Bill Murray: The Kennedy Center Mark Twain Prize
Friday, October 28 at 9/8c on PBS (check local listings)
The 2016 Mark Twain Prize
Bill Murray: The Kennedy Center Mark Twain Prize airs on PBS stations nationwide on Friday, October 28 at 9/8c (check local listings).
This October, The Kennedy Center Mark Twain Prize for American Humor salutes Bill Murray. The program premieres Friday, October 28 at 9/8c on PBS stations nationwide. Recorded at The John F. Kennedy Center for the Performing Arts on October 23, the special features a star-studded cast of Murray’s friends and colleagues including top entertainers and comedians such as Dan Aykroyd, Aziz Ansari, Roy Blount, Jr., Bill Hader, Jimmy Kimmel, David Letterman, Brian Doyle Murray, Paul Shaffer and Sigourney Weaver. The evening pays tribute to the humor and accomplishments of the comedy icon.

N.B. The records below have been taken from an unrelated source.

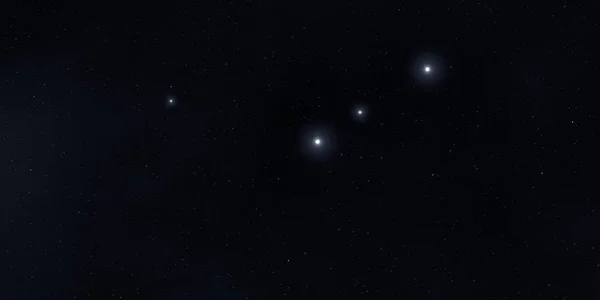 Illustration Realistic Stars Pattern Background Deep Interstellar Space Stars Planets — Stock Photo, Image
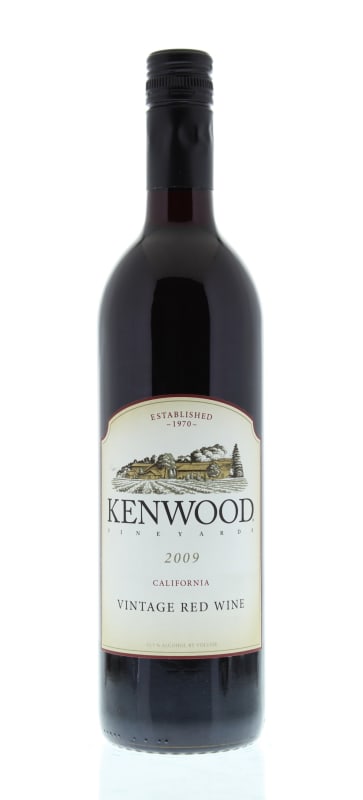 Kenwood Vintage Red Blend 2009 Front Bottle Shot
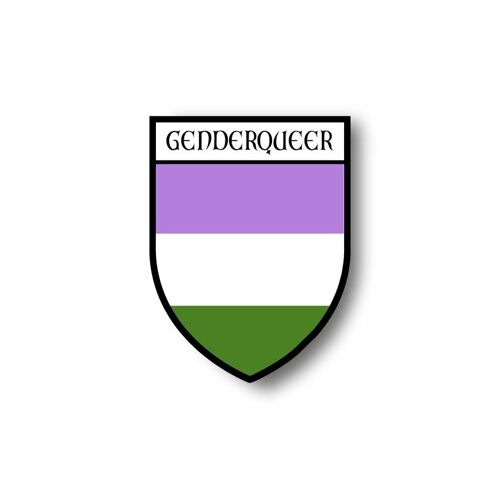 Autocollant Sticker Voiture Moto Blason Ville Drapeau Arc En Ciel Rainbow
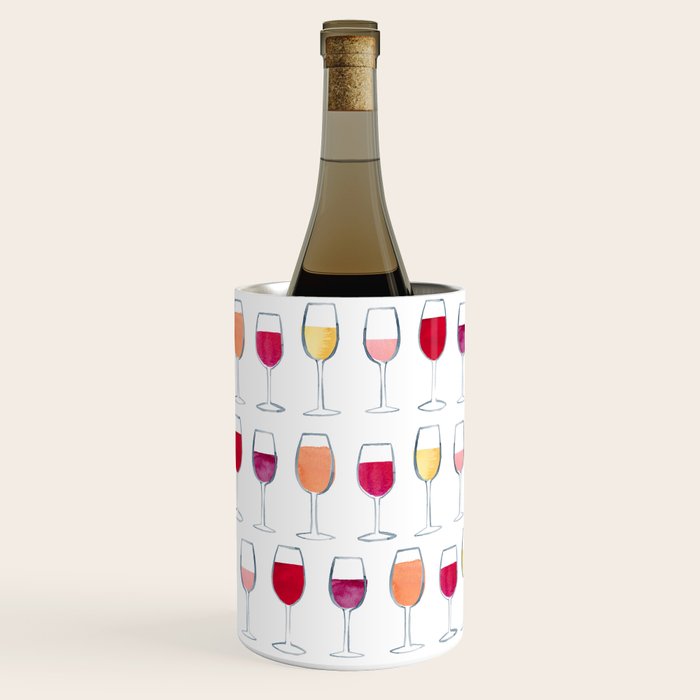 Happy Hour Wine Chiller by Liz Griffith Society6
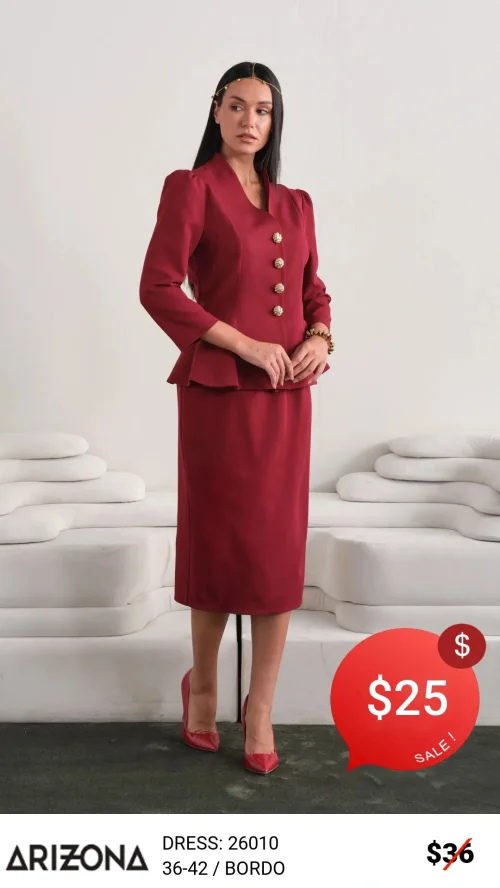 Платье Dress Arizona (Бордовый, модель 26010) оптом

Bill Murray: The Kennedy Center Mark Twain Prize is a production of WETA Washington, D.C.; CoMedia; Mark Krantz Productions; Cappy Productions and The John F. Kennedy Center for the Performing Arts. Executive producers are Dalton Delan, Deborah Rutter, Peter Kaminsky, Cappy McGarr, Mark Krantz and Bob Kaminsky.
Corporate funding for Bill Murray: The Kennedy Center Mark Twain Prize is provided by Capital One. Major funding is provided by the Corporation for Public Broadcasting, PBS and public television viewers. Air travel is generously provided by American Airlines.
About Bill Murray
Actor and comedian Bill Murray was born William J. Murray on September 21, 1950, in Wilmette, Illinois. In an attempt to find direction in his life, he joined his older brother, Brian Doyle-Murray, in the cast of Chicago's Second City improvisational comedy troupe. Murray eventually relocated to New York City, where he took his comedic talents to radio's National Lampoon Hour (1973-74) alongside Dan Aykroyd, Gilda Radner, and John Belushi. In 1975, he was in an off-Broadway spin-off of the comedy radio show when Howard Cosell recruited him for a show called Saturday Night Live with Howard Cosell (1975-1976). A year later, producer Lorne Michaels tapped Murray to replace Chevy Chase on a much bigger sensation, NBC's Saturday Night Live (SNL).